Veröffentlicht am 11.12.2020
beobachten
merken

Kopf

Der Oberste Gerichtshof hat am 11. Dezember 2020 durch den Senatspräsidenten des Obersten Gerichtshofs Hon.-Prof. Dr. Kirchbacher als Vorsitzenden sowie den Hofrat des Obersten Gerichtshofs Mag. Lendl und die Hofrätinnen des Obersten Gerichtshofs Dr. Michel-Kwapinski, Mag. Fürnkranz und Dr. Mann in Gegenwart des Schriftführers Dr. Koller in der Strafsache gegen M***** S***** wegen des Verbrechens des schweren Raubes nach §§ 142 Abs 1, 143 Abs 1 erster und zweiter Fall, Abs 2 erster und zweiter Fall StGB über die Nichtigkeitsbeschwerde und die Berufung des Angeklagten sowie über die Berufung der Staatsanwaltschaft gegen das Urteil des Landesgerichts Salzburg als Geschworenengericht vom 30. Juni 2020, GZ 40 Hv 93/19d-159, nach Anhörung der Generalprokuratur nichtöffentlich gemäß § 62 Abs 1 zweiter Satz OGH-Geo 2019 zu Recht erkannt:

Spruch

In Stattgebung der Nichtigkeitsbeschwerde werden der Wahrspruch der Geschworenen zu den Zusatzfragen I./ und II./ sowie das darauf beruhende Urteil in der rechtlichen Unterstellung der Tat (auch) nach § 143 Abs 2 erster und zweiter Fall StGB, demgemäß auch der Strafausspruch (einschließlich der Vorhaftanrechnung) sowie der gemeinsam mit dem Urteil verkündete Beschluss auf Absehen vom Widerruf der zu AZ 37 Hv 27/16x des Landesgerichts Salzburg gewährten bedingten Nachsicht aufgehoben und die Sache in diesem Umfang zu nochmaliger Verhandlung und Entscheidung an das Landesgericht Salzburg als Geschworenengericht verwiesen.

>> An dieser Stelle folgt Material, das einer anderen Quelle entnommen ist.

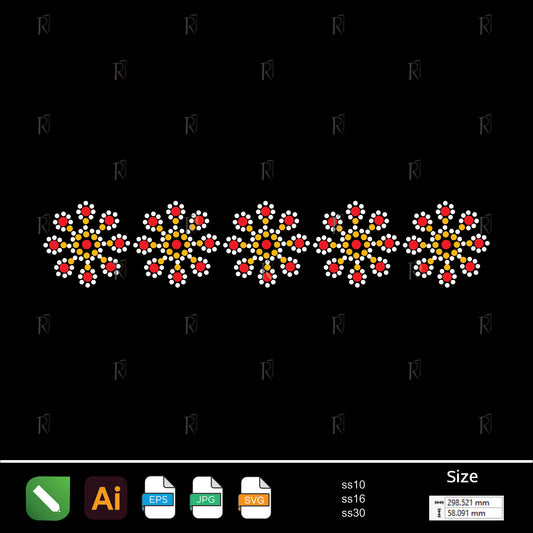 Color Burst Floral Border Rhinestone Pattern – Premium Rhinestone Design by Rhinestone1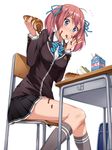  bag blazer blue_eyes blush chair chocolate chocolate_cornet desk eating finger_in_mouth flying_sweatdrops food food_on_face hair_ribbon hisho_collection jacket kneehighs messy milk milk_carton pink_hair pleated_skirt ribbon sandwich school_bag school_desk school_uniform short_hair simple_background sitting skirt solo spill twintails white_background yokaze_japan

Die Nichtigkeitsbeschwerde im Übrigen wird zurückgewiesen.

Mit ihren Berufungen werden der Angeklagte und die Staatsanwaltschaft auf diese Entscheidung verwiesen.

Dem Angeklagten fallen die Kosten des Rechtsmittelverfahrens zur Last.

Text

Gründe:

Mit dem angefochtenen, auf dem Wahrspruch der Geschworenen beruhenden Urteil wurde M***** S***** des Verbrechens des schweren Raubes nach §§ 142 Abs 1, 143 Abs 1 erster und zweiter Fall, Abs 2 erster und zweiter Fall StGB schuldig erkannt.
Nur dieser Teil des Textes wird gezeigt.